• Information
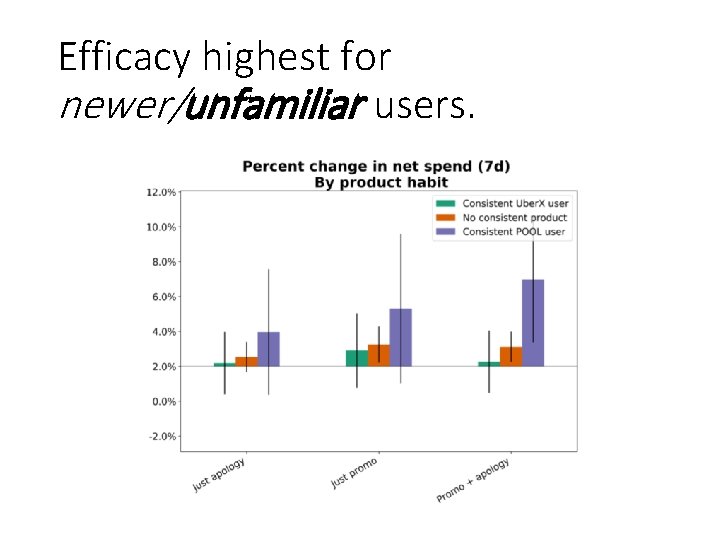 Efficacy highest for newer/unfamiliar users. 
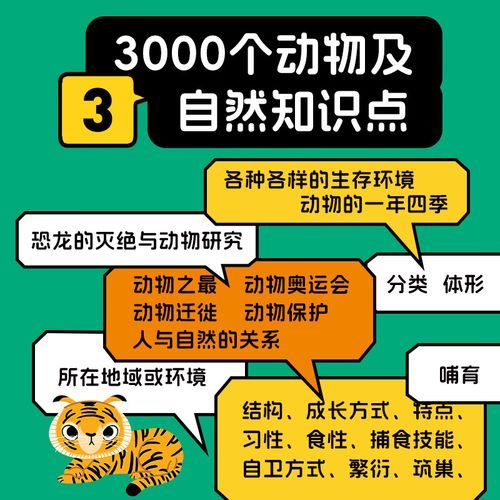 动物百科点读书适合几岁孩子_怎么选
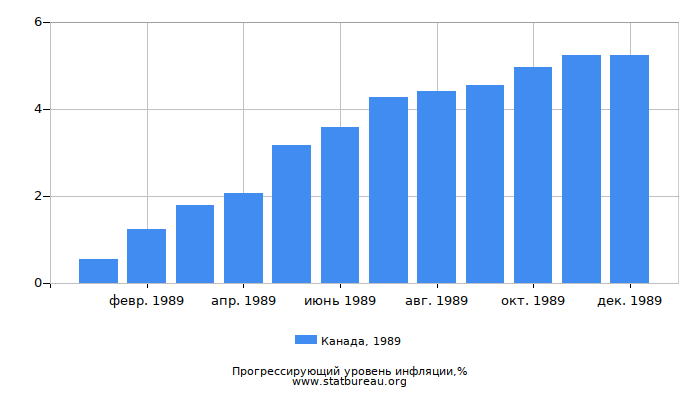 Прогрессирующий уровень инфляции в Канаде за 1989 год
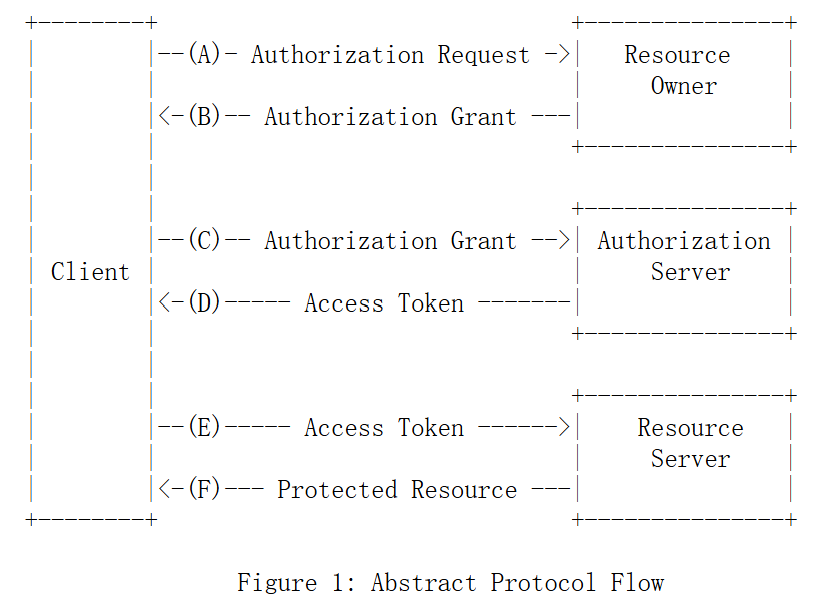 OAuth 2.0 基本架构
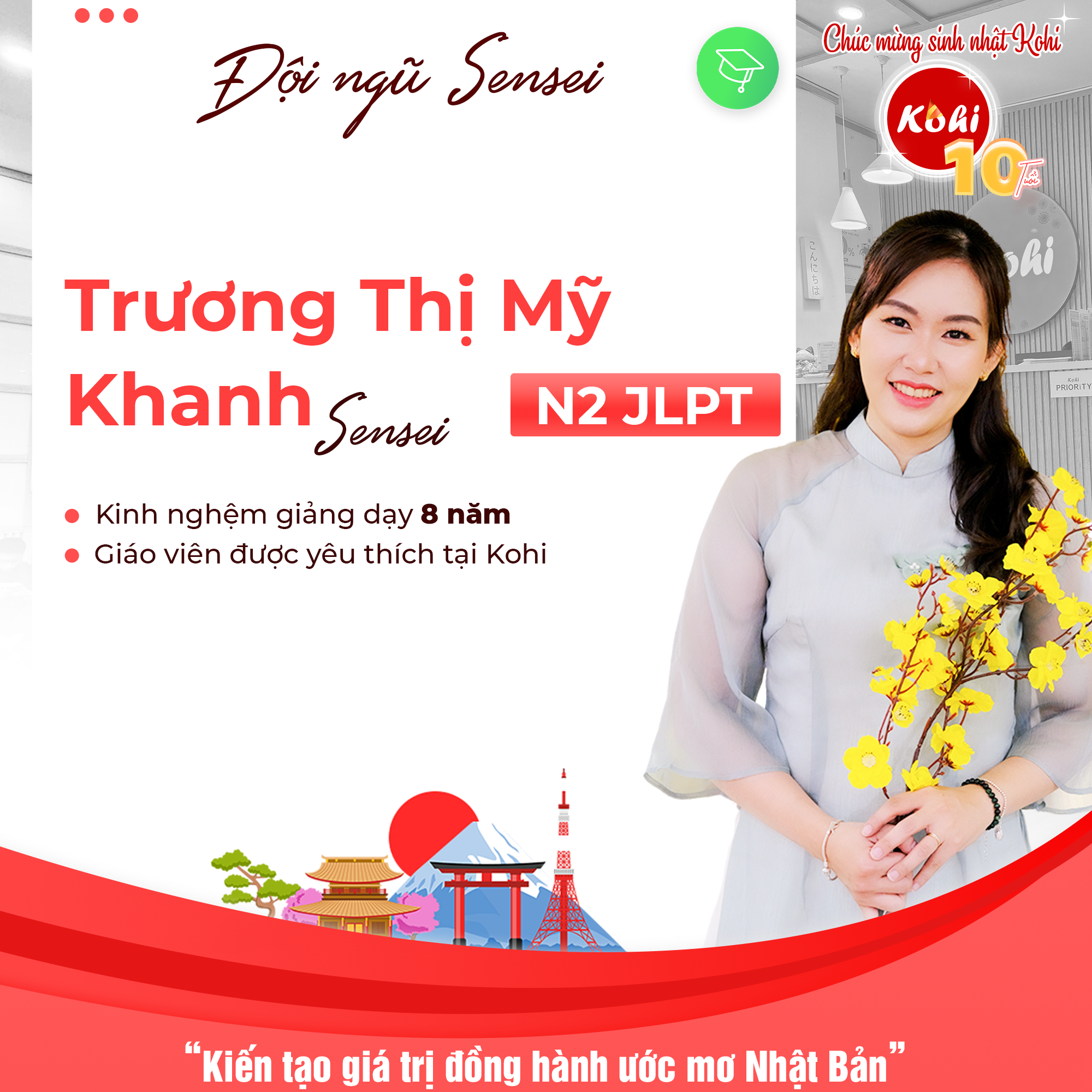 Xem chi tiết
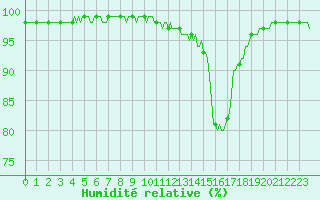 Courbe de l'humidit relative pour Lignerolles (03)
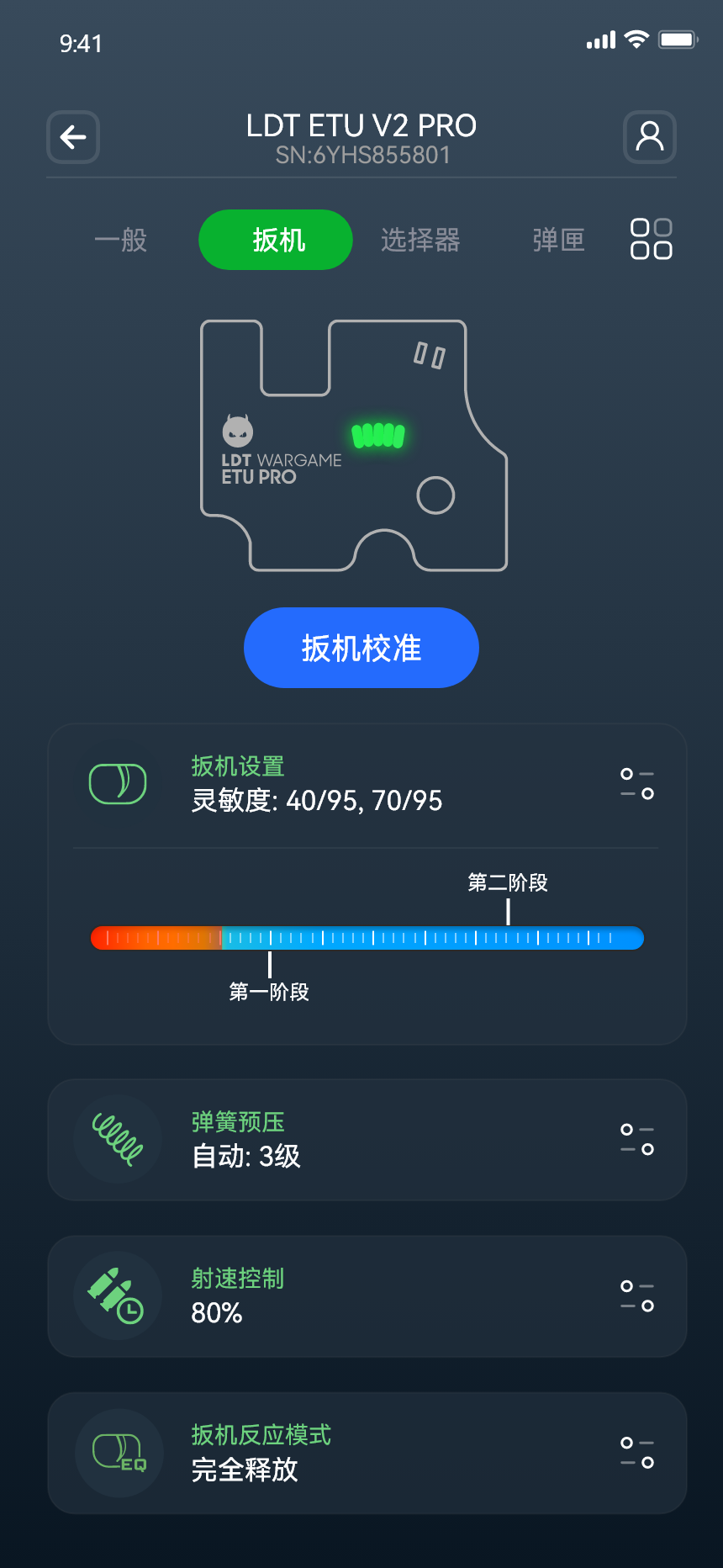 LDT ETU1.5.14 �����豸���Թ���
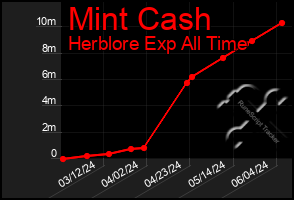 Total Graph of Mint Cash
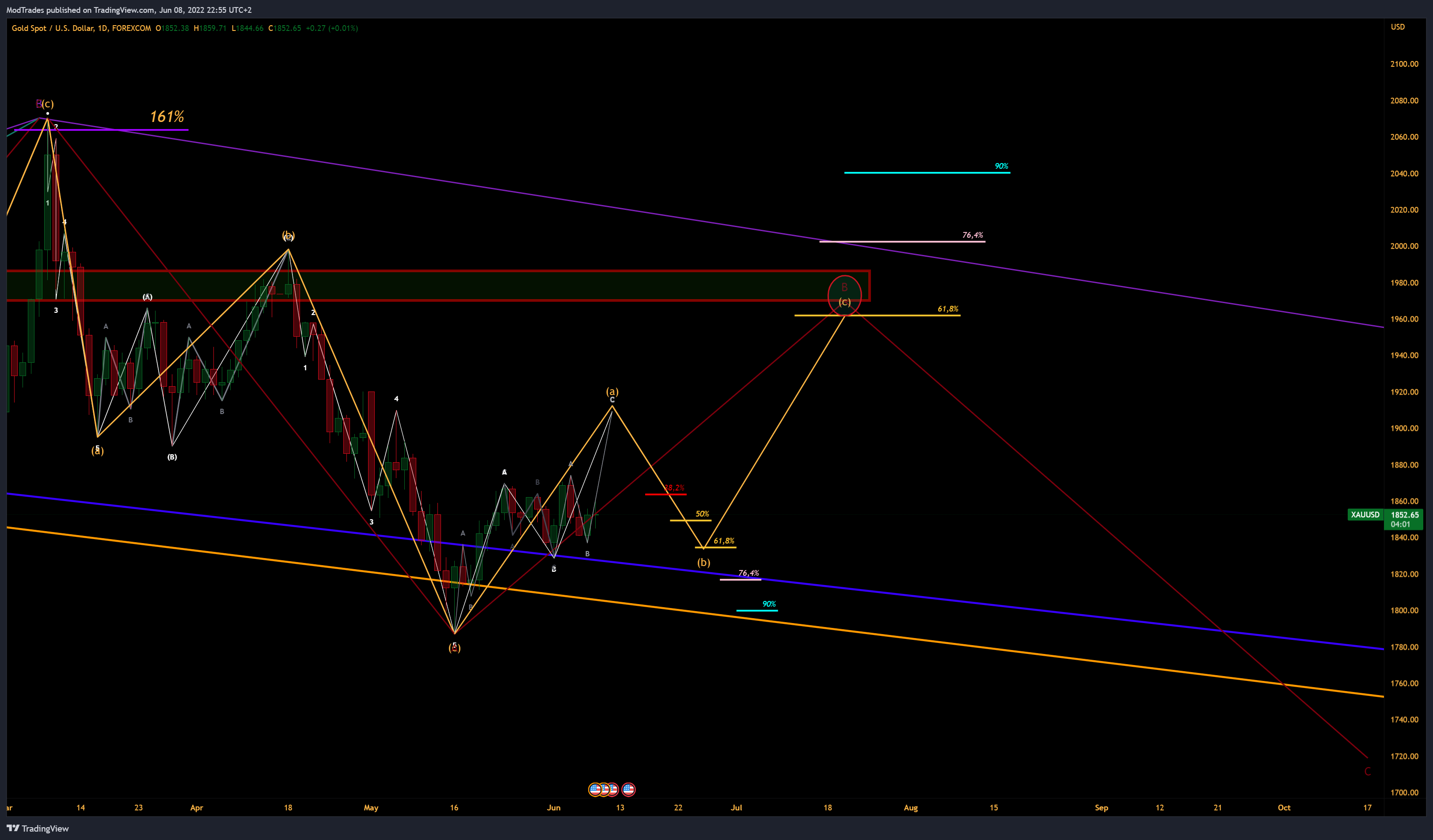 FOREXCOM:XAUUSD Chart Image by ModTrades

• Task requirements
Beginning with the line that contains "Xem chi tiết" in the data above, please copy each line exactly until the last line, both ends included, skipping any pictures.

• Problem solution
 Xem chi tiết
 Courbe de l'humidit relative pour Lignerolles (03)
 LDT ETU1.5.14 �����豸���Թ���
 Total Graph of Mint Cash
 FOREXCOM:XAUUSD Chart Image by ModTrades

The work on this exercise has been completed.